Your score from each credit reporting agency can be slightly different because each employs a different statistical model. And considering how various lenders have unique criteria for granting loans, where you stand depends on the credit bureau of your lender for your credit score. But to help you get an idea of whether you have a good or bad credit score – here’s the average FICO score range you can look at:
- Poor: 300-579
- Fair: 580-669
- Good: 670-739
- Very Good: 740-799
- Excellent: 800-850
Factors that impact your credit score
Fair credit score determines your credit score by taking into account the following factors.
a. Payment history
It’s the most crucial component of your credit score, which makes up 35% of your overall score. It’s basically a track record of how you manage your debt, like if you’re paying back all your debts on time or not. One late or missed payment can affect your score.

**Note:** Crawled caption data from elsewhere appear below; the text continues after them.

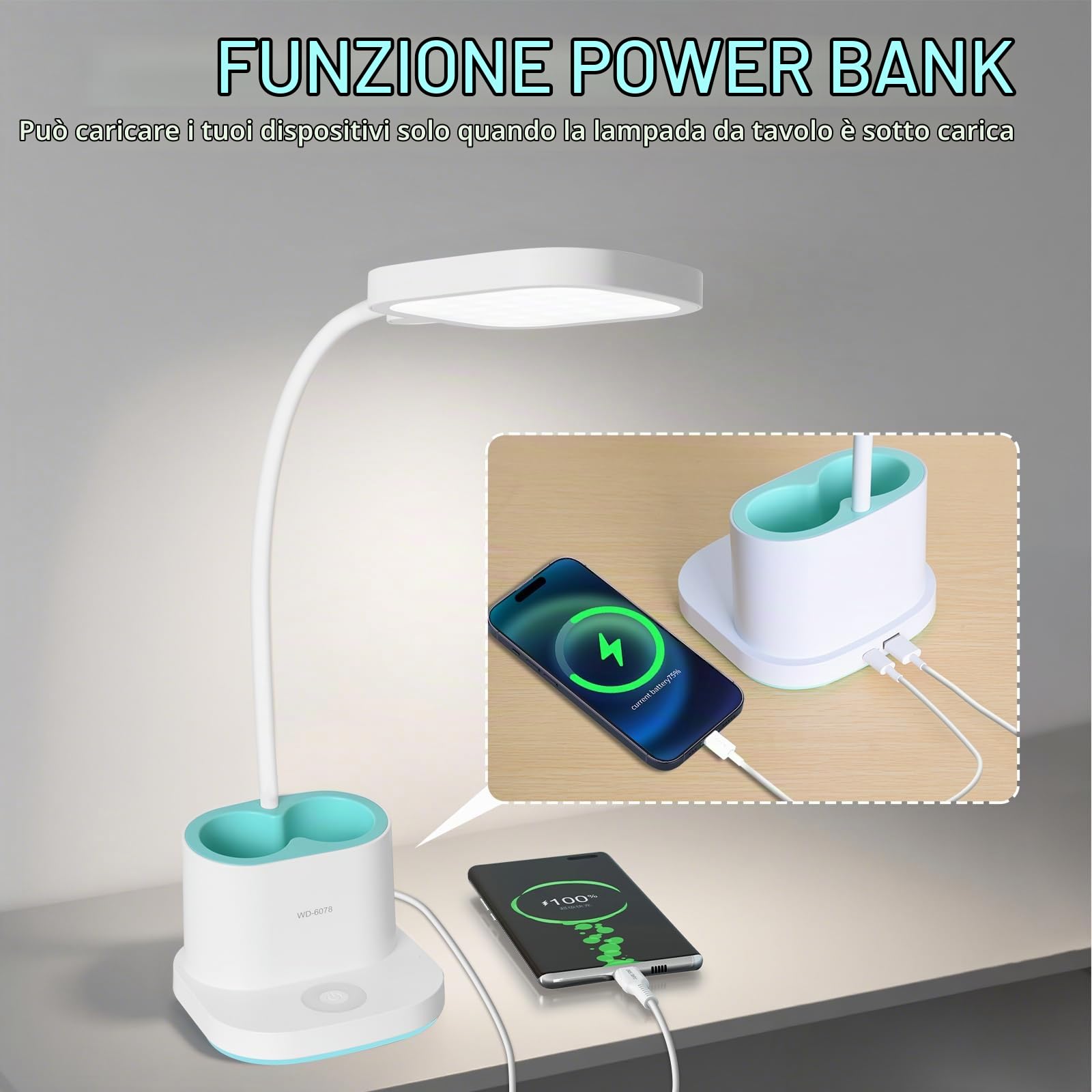 Lampada da Scrivania Ricaricabile 2400mAh, 3 Livelli Luminosità | Collo Flessibile 360°, Portapenne e Luce Notturna, Lampada da Tavolo Senza Fili per Camera da Letto, Studio, Bambini, Bianca
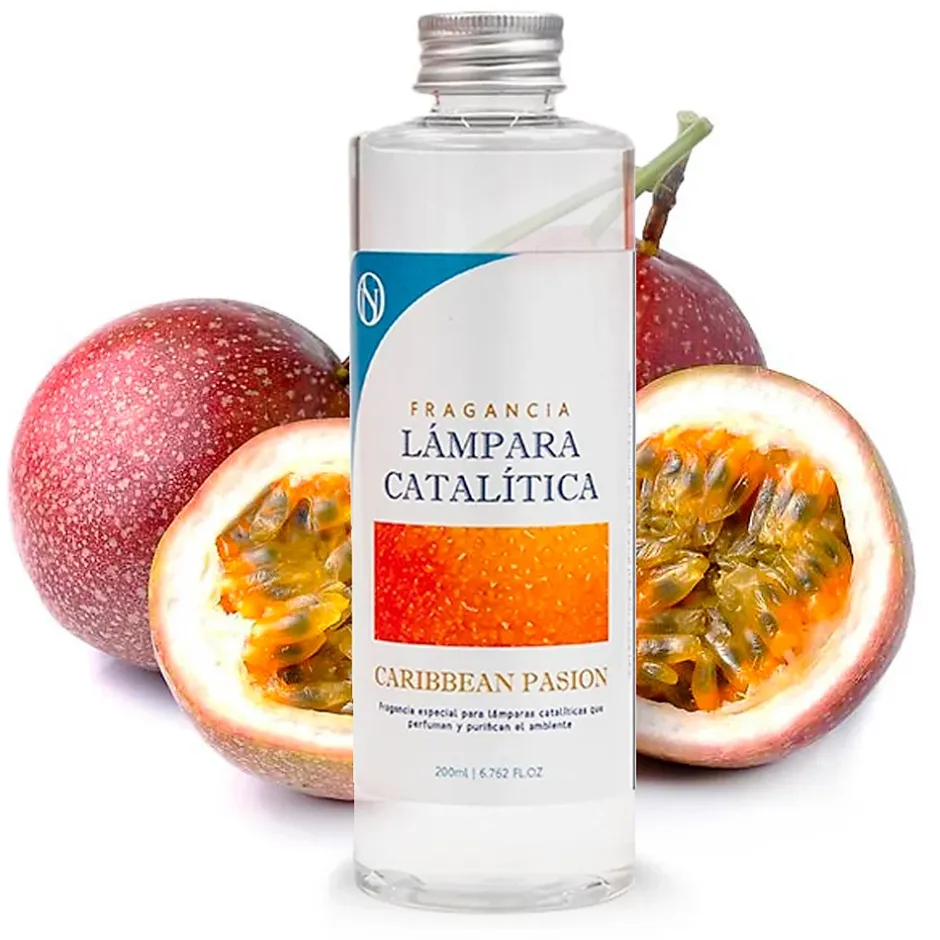 Mamamanuela Lampe catalytique Bleu Gris Mat + Parfum Caribbean Passion 200 ml. Élimine mauvaises odeurs, parfume et améliore qualité de l'air Discount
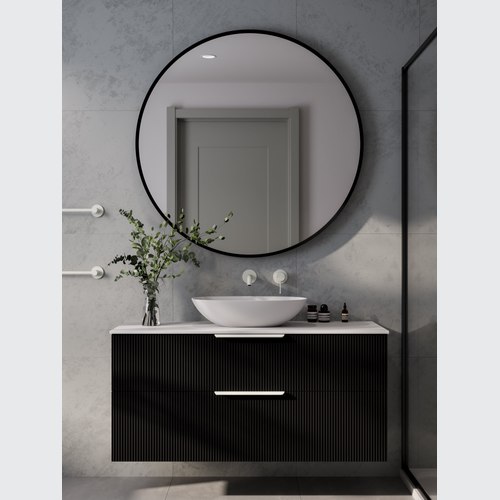 Matte Black Lineare 1200 Pillar Double Drawer Vanity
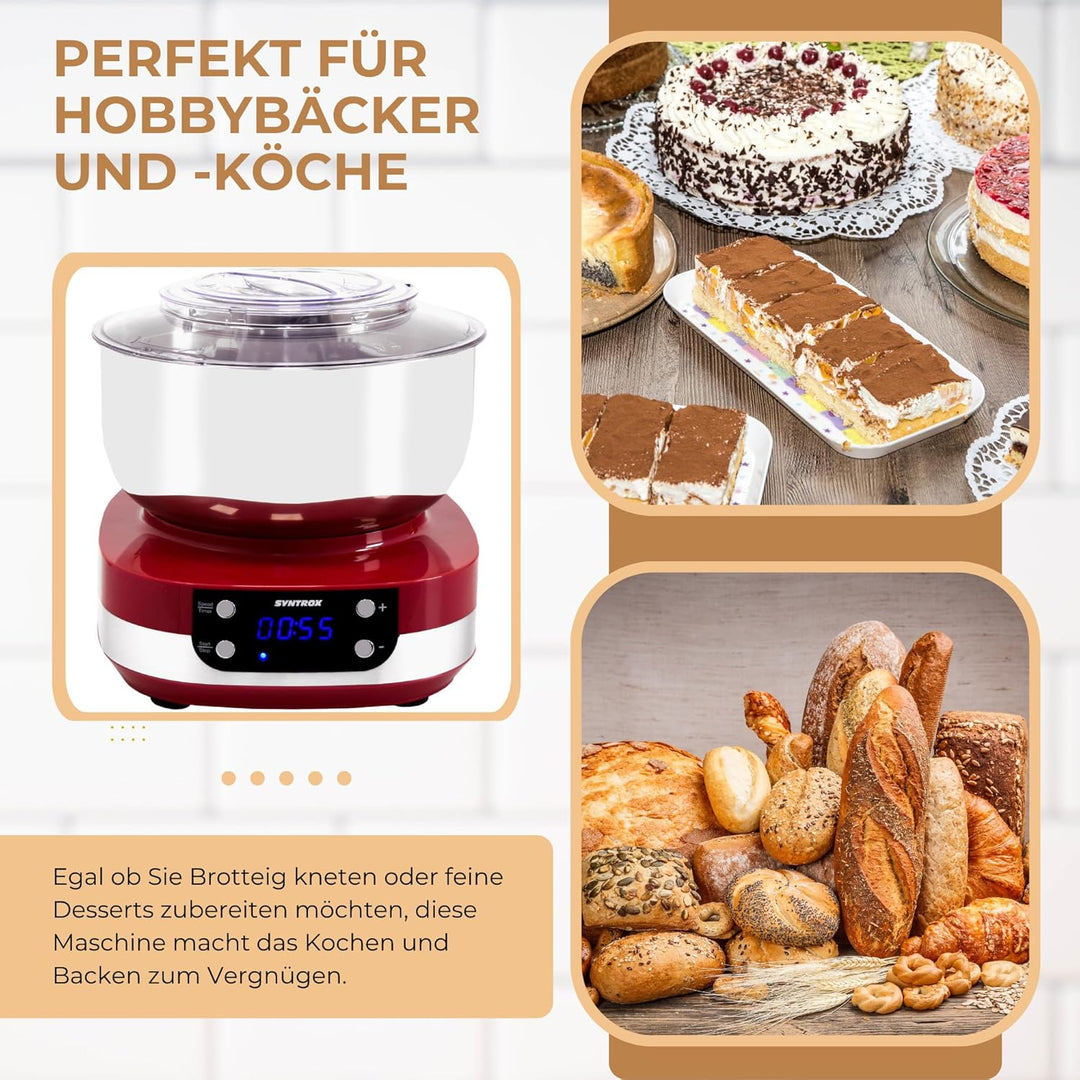 Syntrox Küchenmaschine & Knetmaschine Zaurak 5 Liter, Multifunktionale Aufsätze, Küchenmaschine mit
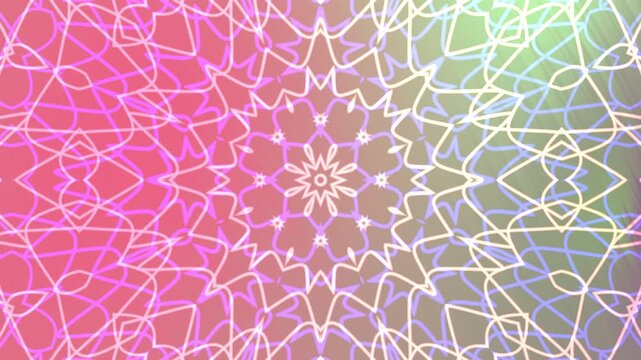 Kaleidoscopic floral pattern with vibrant hues, symmetrical designs. Perfect for backgrounds, textiles, prints, and digital art projects.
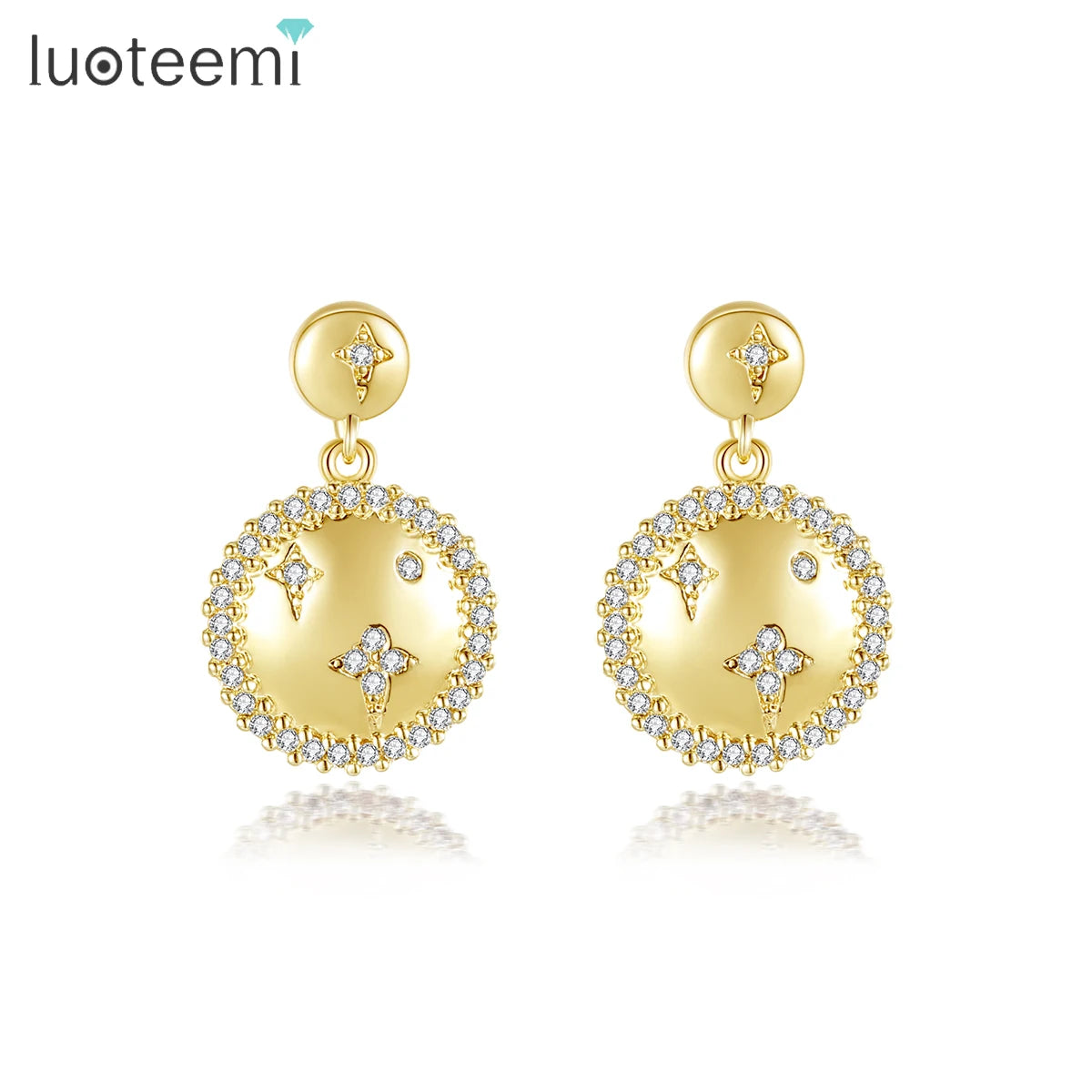 LUOTEEMI Girl Earring Jewelry Gold Plated Fashion Clear Cubic Zirconia Star Inlaid Drop Earrings for Women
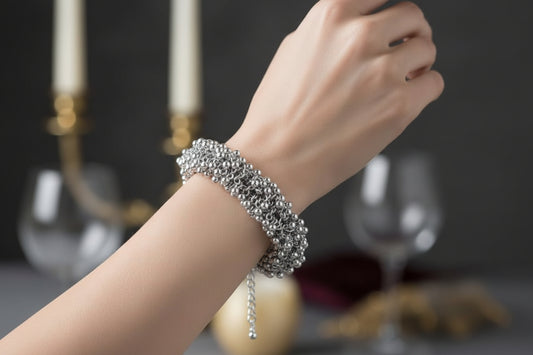 807885 -Pretty Precious Oxidised Goongroo Bracelet for Women and Girls, Gunmetal Beaded Chain Design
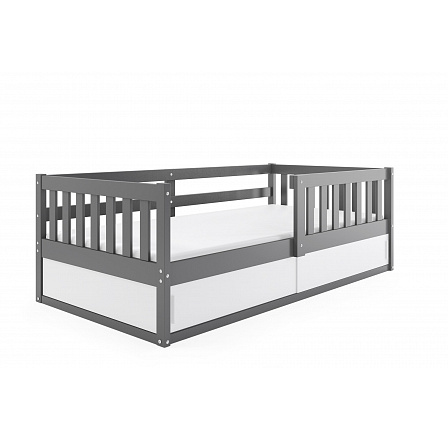 Łóżko pojedyńcze dla dzieci Smart, w kolorze grafitowym, z materacem 80 x 160 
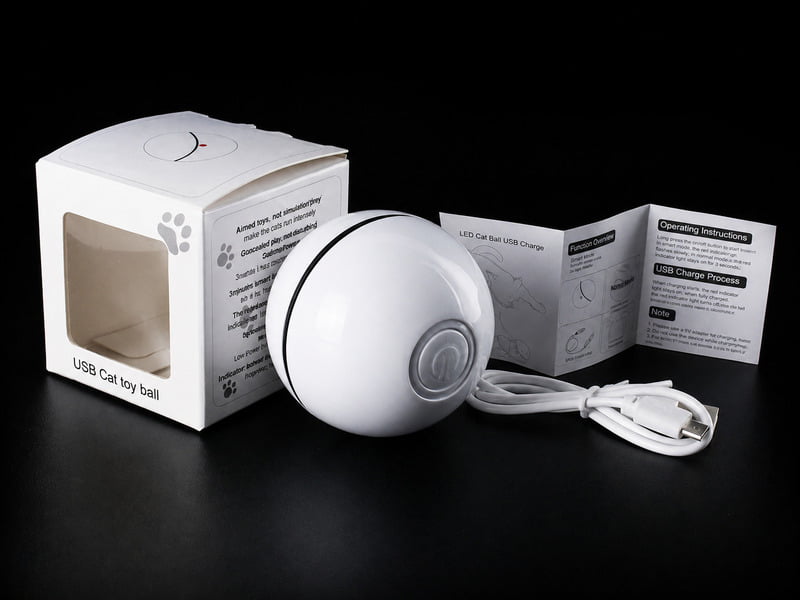 Automatic cat toy with retail packaging, instructions, and USB cable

b. Credit utilization or amounts owed
Approximately 30% of your credit score is based on credit utilization. It reveals your credit usage and helps assess your ability to pay what you owe. Nearly maxing out your credit cards or having high outstanding balances are not advisable as they can negatively affect your credit score.
c. Length of credit history
This refers to how long you’ve had and used your credit accounts. Credit history length includes the average age of all your accounts as well as the ages of your oldest and newest credit accounts. If you have a longer credit history, you’ll have a higher credit score.
d. Type of credit
The 10% of your credit score comes from your credit mix. It includes your credit cards, student loans, installment loans, mortgage loans, and more. This component looks at the different sorts of credit you have and how responsibly you use it. For instance, using a credit card to buy a boat can lower your score.
e. New credit (Inquiries)
The remaining 10% comes from the number of credit accounts you’ve recently opened. Applying for new lines of credit in a short amount of time counts as an inquiry, which will potentially lower your score.
How does your credit score affect you?
You must know that your credit score is one of the most critical factors in determining your overall financial health. It affects your ability to get loans, credit cards, and other forms of credit. Additionally, your credit score will determine the interest rate you’ll pay. If you have a good credit score, you may be offered competitive interest rates, unlike if you have a poor score.
With the prices of almost anything going higher, it’s crucial to have a good credit score to stretch your money and stay on top of your finances. Because having a good credit score can help you secure better loans and interest rates easily. And aside from the banks and lenders, landlords, insurance companies, and even your potential employers may look at your credit report and credit score for use in their application process. They use that data to check if you’re an efficient and reliable person.
Tips to improve your credit score
Improving your score will be easy once you understand the reasons why it’s low. While it may take some time and work, creating good habits now can help you raise your score down the road. You start by obtaining a copy of your credit report and concentrate on addressing the factors lowering your score. Here are some general tips you can follow:
- Always pay your bills on time.
- Pay down your debts – avoid having outstanding balances on any open credit cards.
- Make outstanding payments.
- Always review your credit report and dispute any errors in it.
- Minimize requesting new lines of credit.
- Keep some old accounts open; closing them completely might negatively impact your debt-to-credit ratio.
Bottom line
When using credit, it’s always crucial to understand your credit score to maximize its potential. That simple three-digit number affects your ability to qualify for loans and other financial products. In addition, it gives you an idea of your financial health, which can help you make more informed decisions on your finances. In the long run, you can save money by knowing the interest rates you may qualify for.